Fully aware that he would attract a lawsuit, Moore hung in his courtroom a redwood plaque of the Ten Commandments. A local ACLU attorney complained; Moore described this as ”the first time the civil rights group attempted to intimidate me.”

He also began opening his court sessions with a prayer. In 1994, six months into his tenure, the ACLU recorded his prayer — and a local star was born.

The media covered the subsequent lawsuit, crowds singing ”Amazing Grace” showed up in support. A year later, Moore launched his race for chief justice of the Alabama Supreme Court.

Moore at least makes no pretense of being a “uniter not a divider.” His world view is strictly us vs. them, and the number that qualifies as “us” is…pretty much just him.

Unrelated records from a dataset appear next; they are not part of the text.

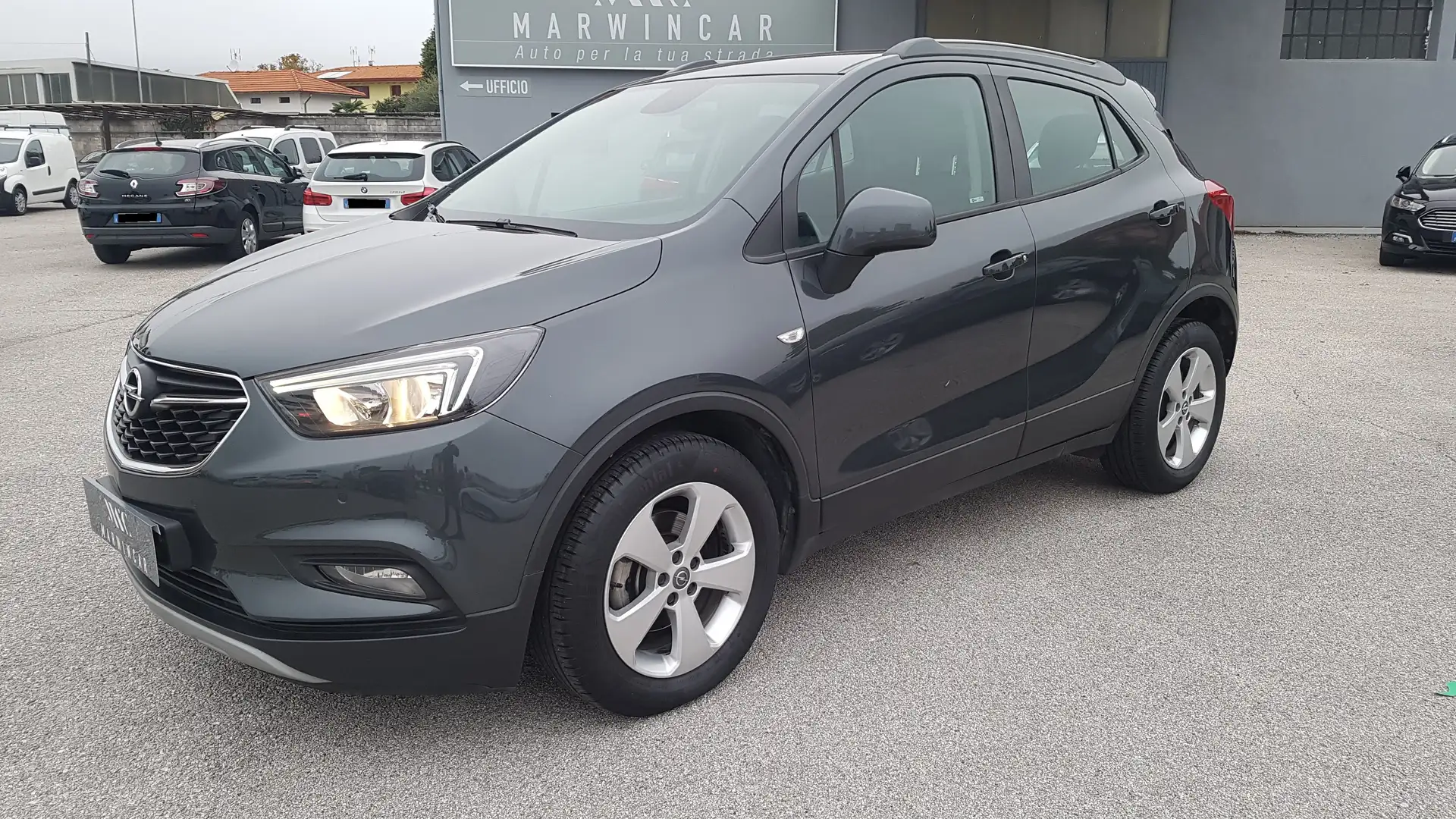 Opel Mokka X 1.6 cdti Business s&s 4x2 Busness NAVI PDC CRUISE Gris - 1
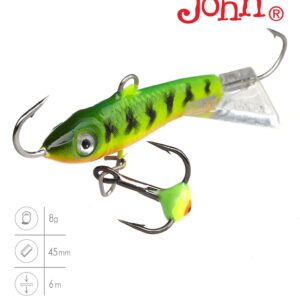 Балансир Lucky John CLASSIC 4.5 + тр. 50мм/20 блистер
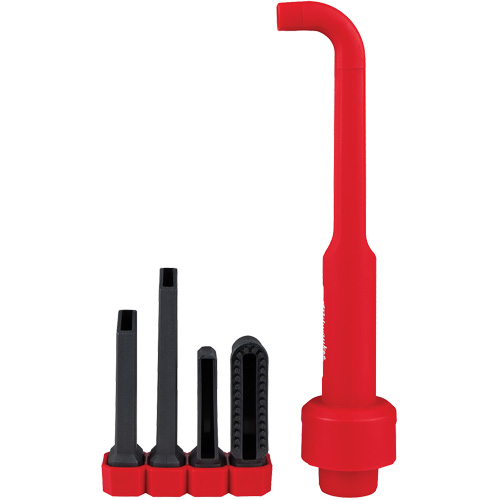 Outil de nettoyage &agrave; angle droit 4-en-1 Air-Tip Advanced Consulting and Training Ltd.
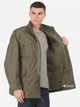 Куртка демисезонная с капюшоном мужская Alpha Industries M-65 MJM24000C1 4XL Sage Green (640631435903) - изображение 3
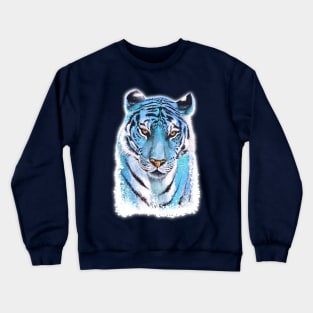 Winter Tiger Crewneck Sweatshirt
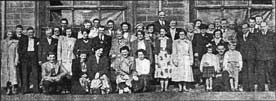 Darts team and family members of the Masonic Arms, Inverkeithing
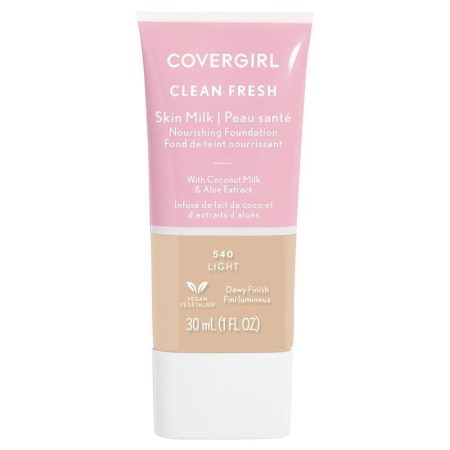 Covergirl Clean Fresh Skin Milk Vegan Foundation Light 540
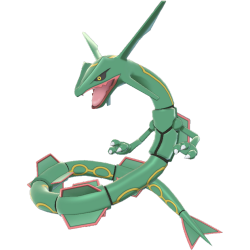 Buy Rayquaza in Brilliant Diamond & Shining Pearl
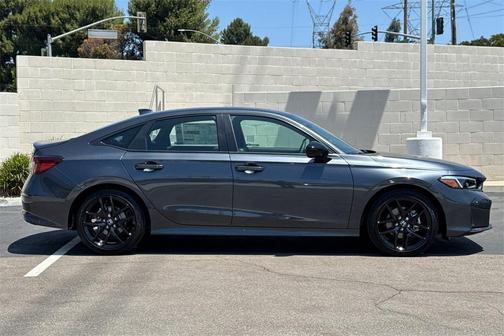 2026 Honda Civic Hybrid Sport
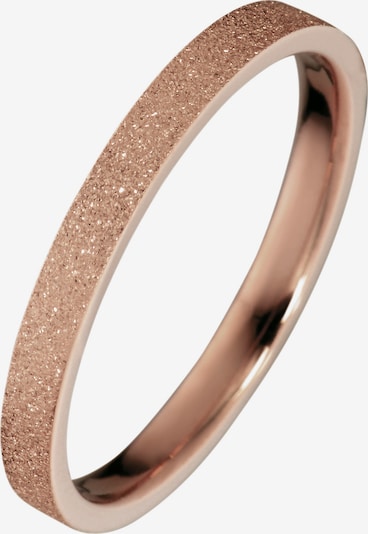 BERING Ring in rosegold, Produktansicht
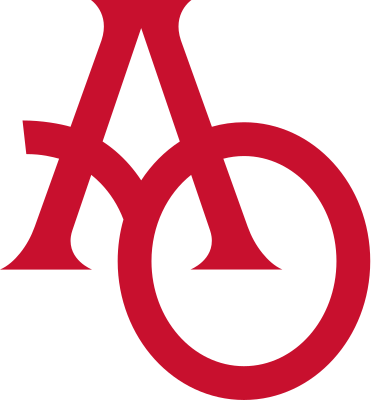 American Optical eyewear brand logo at iCare Family Vision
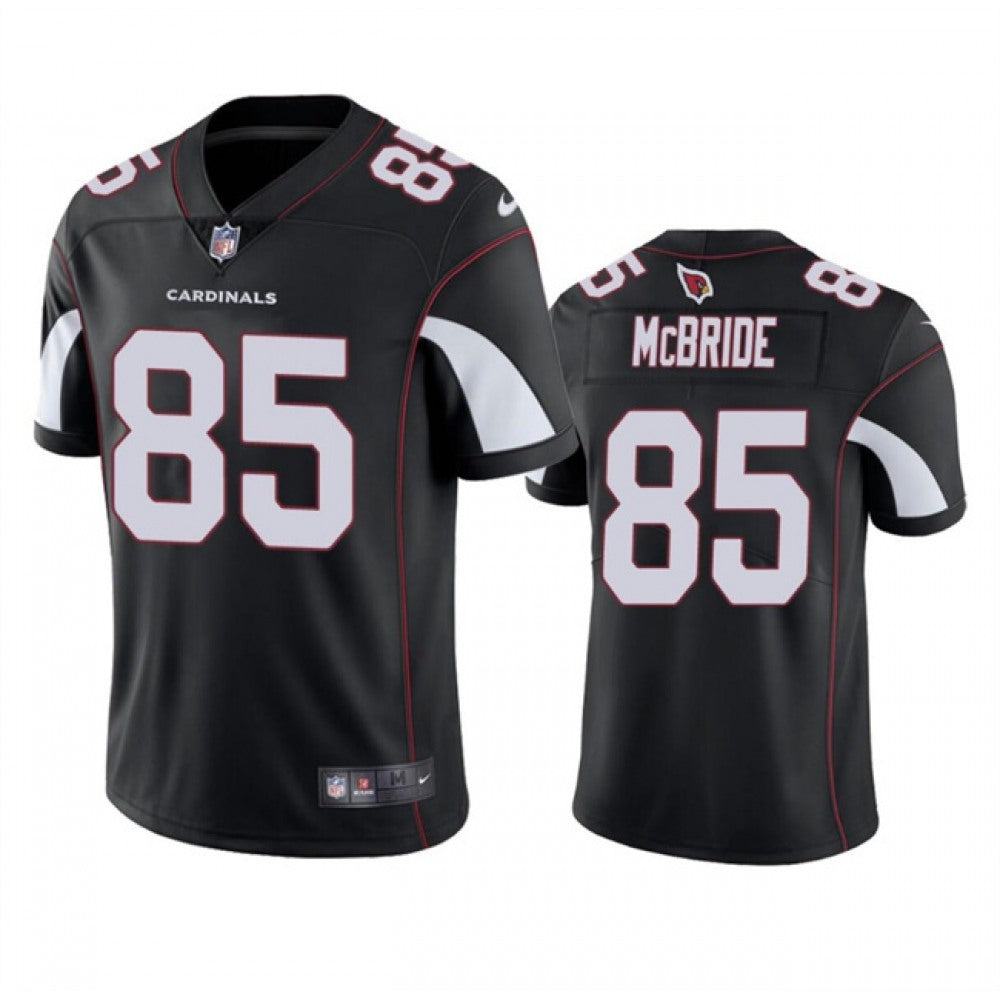 Men's Arizona Cardinals #85 Trey McBride Black Vapor Untouchable Limited Stitched Football Jersey 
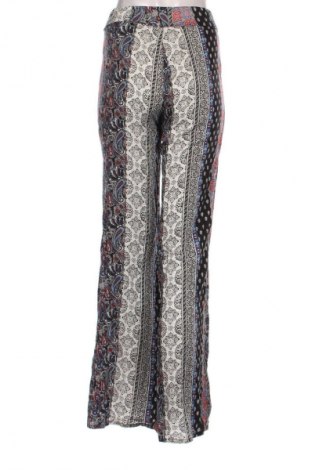 Damskie spodnie Bershka, Rozmiar S, Kolor Kolorowy, Cena 25,99 zł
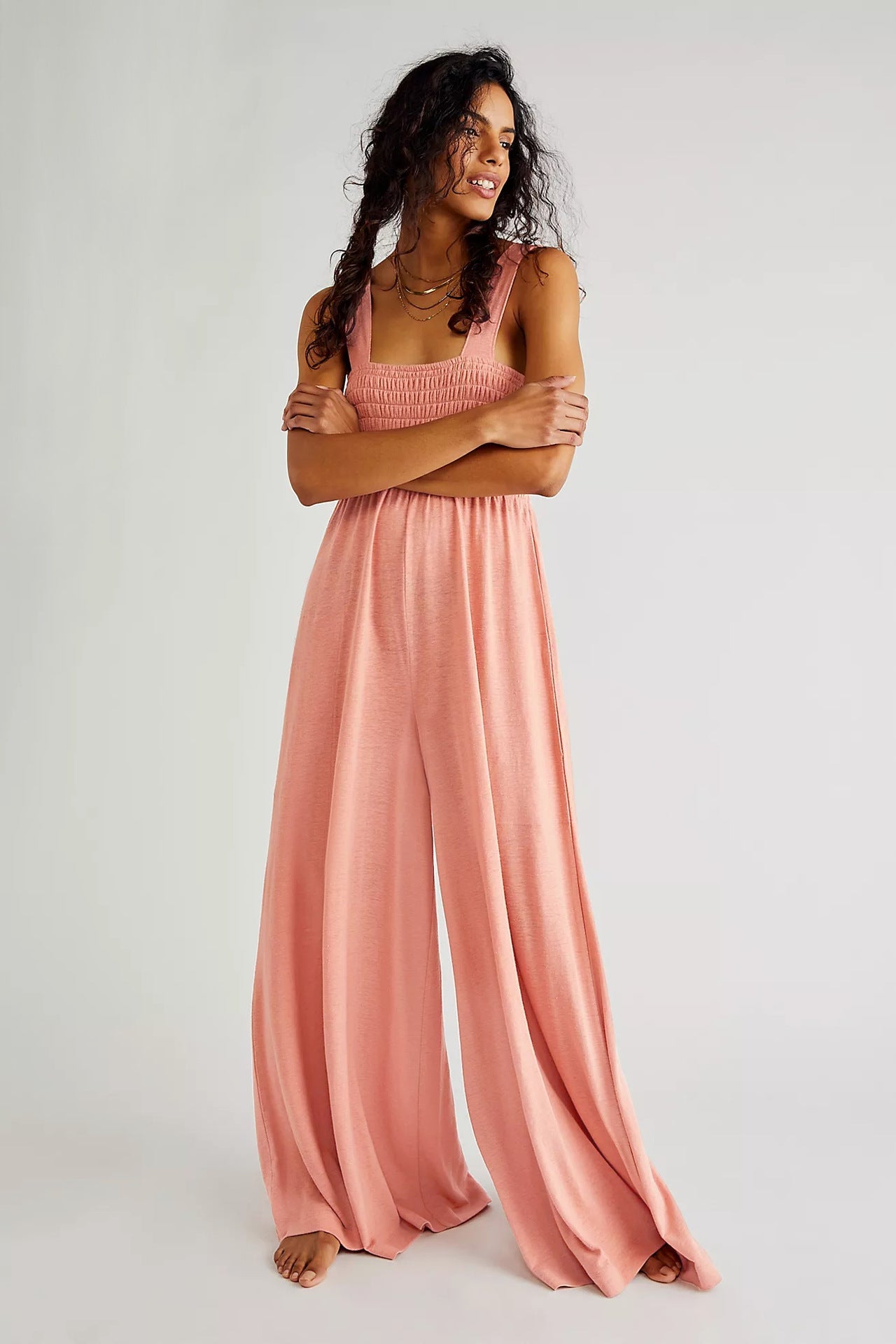 Casual Summer Wide Legs Jumpsuits for Women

”Roy was never that interested in what the law was versus what he wanted to do,” said James Hedgespeth, the county’s district attorney for 18 years and a Democrat who describes his personal relations with Moore as cordial. ”I always thought the code books in his office were just for decoration. He always felt he knew better than anyone else.”

Expect to hear more from Moore in the dark days ahead. Having empowered the previously marginal Bible literalist beast, Bush/Rove can now figure out how to tame it.

In 2004, after the disciplinary panel had forced Moore to resign, supporters urged him to run for president, but he decided the timing was not right. Phillips compares Moore’s national popularity to that of Pat Robertson, the TV evangelist whose 1988 bid for president divided the GOP, and said Moore is well-positioned to consider his own run.

”There’s no question he would heighten the debate on the whole issue of religion and politics,” Scarborough said. ”And nationally, there is a core following that would be faithful to him.”